1. entidades culturais dedicadas não apenas à criação artística que se pode designar de neorealista,mas também ao seu tempo e espaço de emergência, o de Portugal nos anos de chumbo que todos recordamos mas de que ainda falamos pouco, adiando o trabalho da memória para quando não nos doer tanto lembrar, não a luta nem a revolta, mas a escravidão, a pobreza, a repressão e a tristeza “que fazia as almas mais pequenas”, como dizia Sophia, que não consta que tenha sido neorealista mas era seguramente um poeta maior. Penso por exemplo na Casa da Achada/Mário Dionísio (Lisboa), no Museu Fortaleza de Peniche, no Museu da República e da Resistência (Lisboa), no Centro de Documentação  25 de Abril (Coimbra), nos Núcleos documentais da DGARQ/Torre do Tombo ou da Cinemateca Portuguesa, na Fundação/Casa José Saramago, na Associação Ferreira de Castro. Conhecer esta paisagem e animá-la com laços e correntes de ação e reflexão é uma desafio ao crescimento do Museu.

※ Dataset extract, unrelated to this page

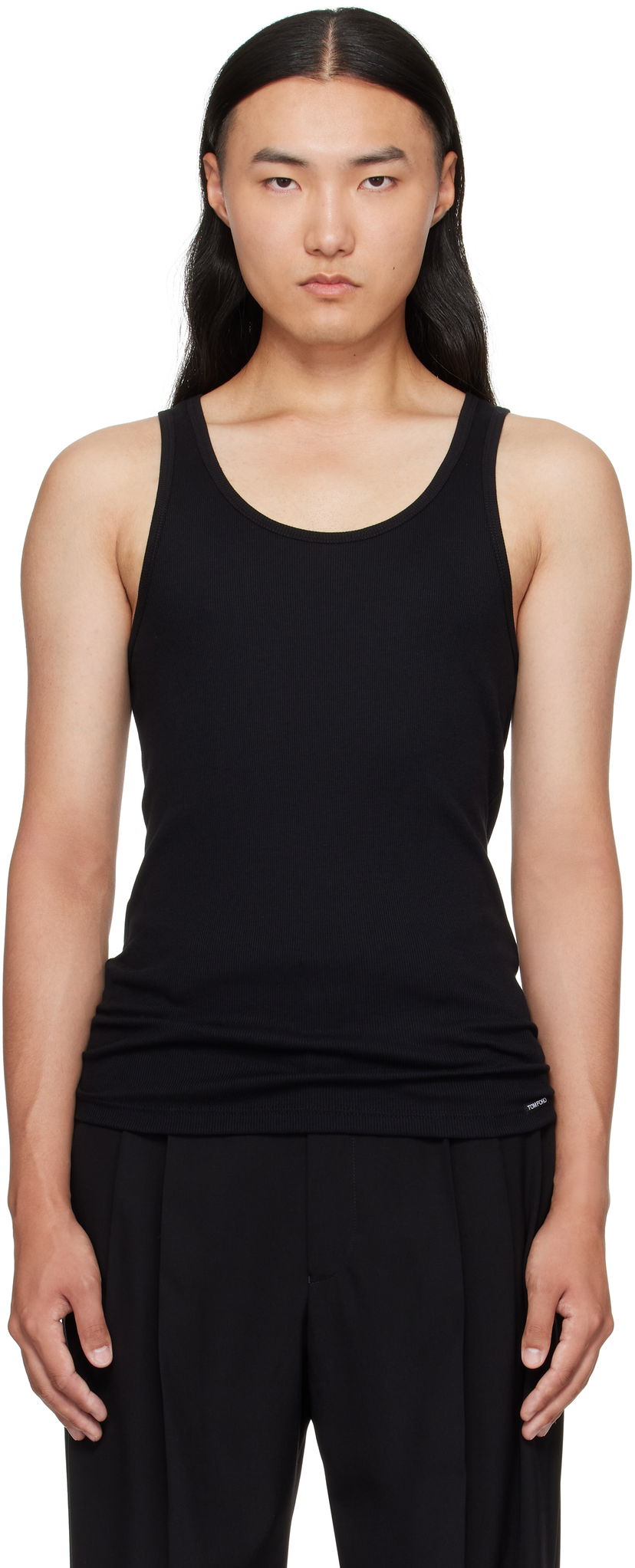 Tielko Tom Ford TOM FORD Cotton & Modal Rib Tank Top Čierna | T4D101210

2. entidades que agem regularmente pela Memória coletiva, tantas vezes ameaçada de extinção, sobretudo quanto a passado recente, tais como o Movimento Não Apaguem a Memória, a AJA ou o recente projeto Amigos para Sempre, por exemplo... entre tantos!

3. contrariando alguma tendência mais paroquial que confunde atenção ao local e nacional com fechamento, agentes culturais de outros países; pela afinidade temática, ocorre referir os Museus Picasso (Málaga, Barcelona), a Fundación Rafael Albertí (Cádiz), a Casa-Museo Federico Garcia Llorca (Granada), o Museu do Cinema (Turim)...

 III

Tal como na vida de cada um, os rituais são relevantes, e no calendário organizamos o tempo da ação. Outros centenários destes homens e mulheres que se inscreveram no nosso “código genético cívico” vão, pela lei da vida, suceder-se proximamente: Jorge Amado (2012), Maria Keil (2014), Carlos de Oliveira (2021), por exemplo.

No parlamento português, 2011, ano de centenários, permitiu um voto unânime sobre Alves Redol, por iniciativa do BE. No Brasil, celebrou-se Maria Bonita, que perfaria 100 anos se fosse viva, extraordinária figura da “Rainha do Cangaço”, livro de Jorge Amado.

Por que é tão importante falar disto agora? Por que precisamos deste Museu para os próximos tempos? Por que não deve a Esquerda distrair-se e desleixar estes outros projetos de garantia contra o esquecimento e o empobrecimento do nosso património comum, agravado pelo desinvestimento no acesso de toda a gente ao que é de todos?

Na travessia das crises, nunca os poderosos ameaçados se enganaram sobre o perigo das artes e da cultura entre o povo, e com fundados motivos. Por isso as ideias e a batalha das ideias e das formas, envolvendo o que nos faz torna mais capazes de sentir e exprimir, longe de serem acessórias e dispensáveis, assumem papéis decisivos, porque sem elas estiolam razão e coração, e sem razões do coração (como escreveu Álvaro Guerra) qualquer guerra é perdida, e nela as gentes que somos.

 

Texto de Maria José Vitorino inspirado neste fragmento do filme "Sobre o Lado Esquerdo"com o poema de Carlos de Oliveira em voz de criança (Henrique Cardoso Martins). Está no Youtube.

 


 

Maria José Vitorino é Membro da Direção da Associação Promotora do Museu do Neorealismo. Integra a Comissão de Direitos e a Comissão Coordenadora Concelhia de Vila Franca de Xira do Bloco de Esquerda.